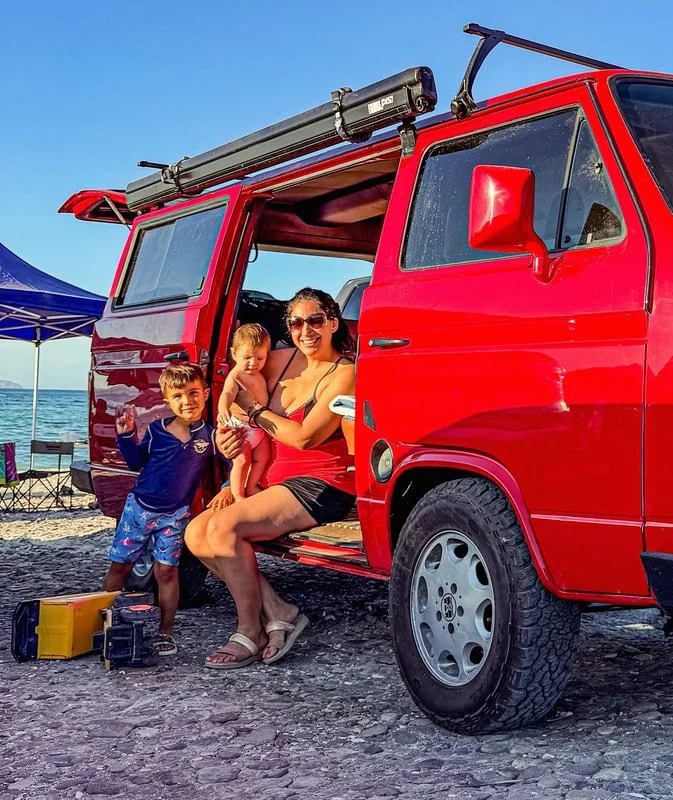 Two people sitting in the open sliding doorway of a red Volkswagen van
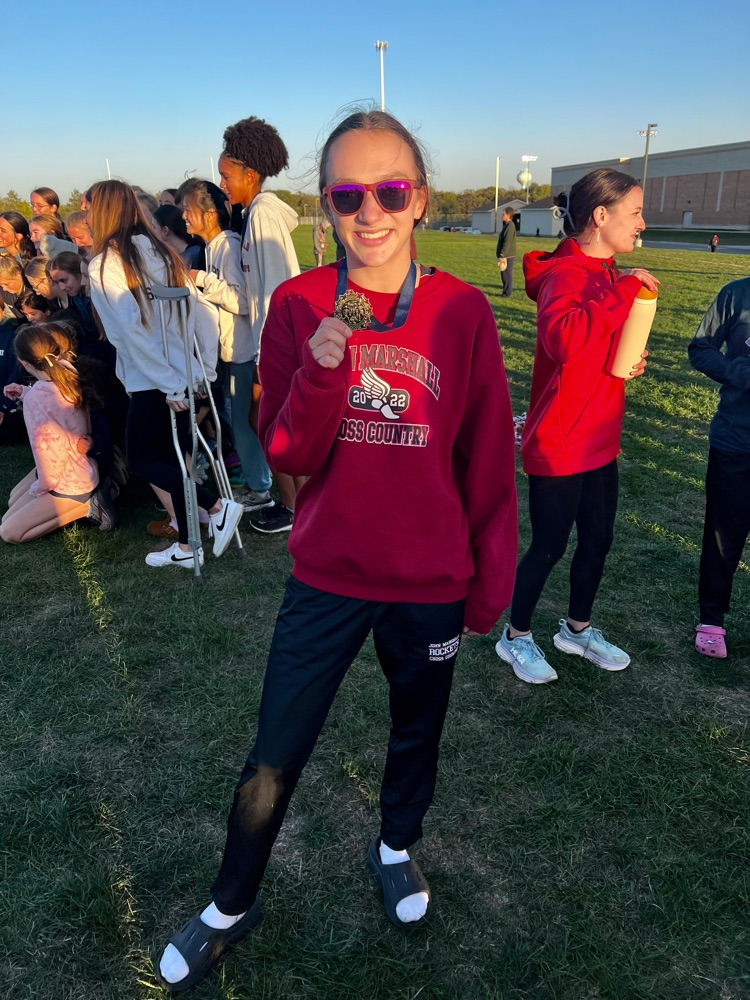 Abi Tri poses with her first place medal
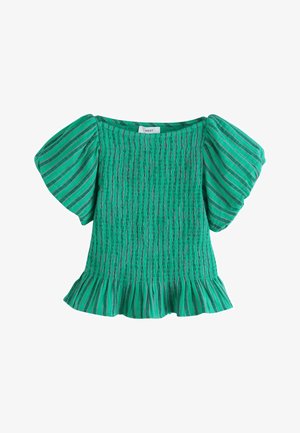 Kvinde iført tealstribet top med pufærmer og matchende vidde bukser, står udendørs nær en hvid stenmur med træer i baggrunden.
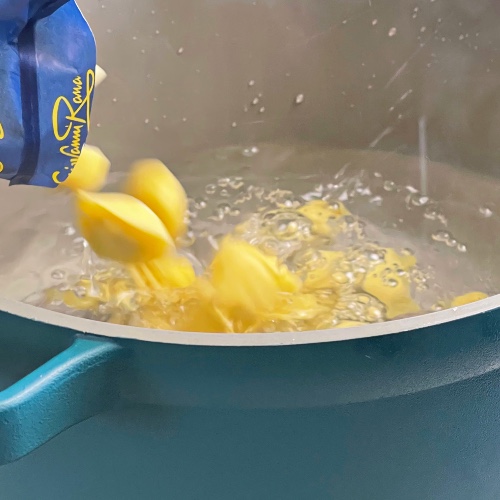 pouring tortellini into boiling water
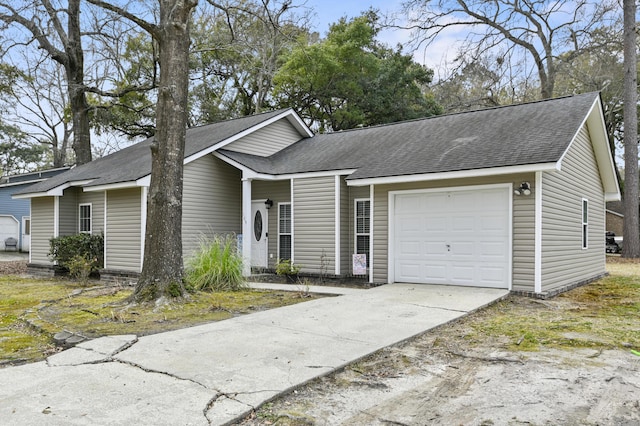 view of front of house with an attached garage, a shingled roof, and driveway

------

## AIM OF THE TASK
Copy all the records above exactly, but leave out the pictures.

## ANSWER BOX
 Two people sitting in the open sliding doorway of a red Volkswagen van
 Abi Tri poses with her first place medal
 Kvinde iført tealstribet top med pufærmer og matchende vidde bukser, står udendørs nær en hvid stenmur med træer i baggrunden.
 pouring tortellini into boiling water
 view of front of house with an attached garage, a shingled roof, and driveway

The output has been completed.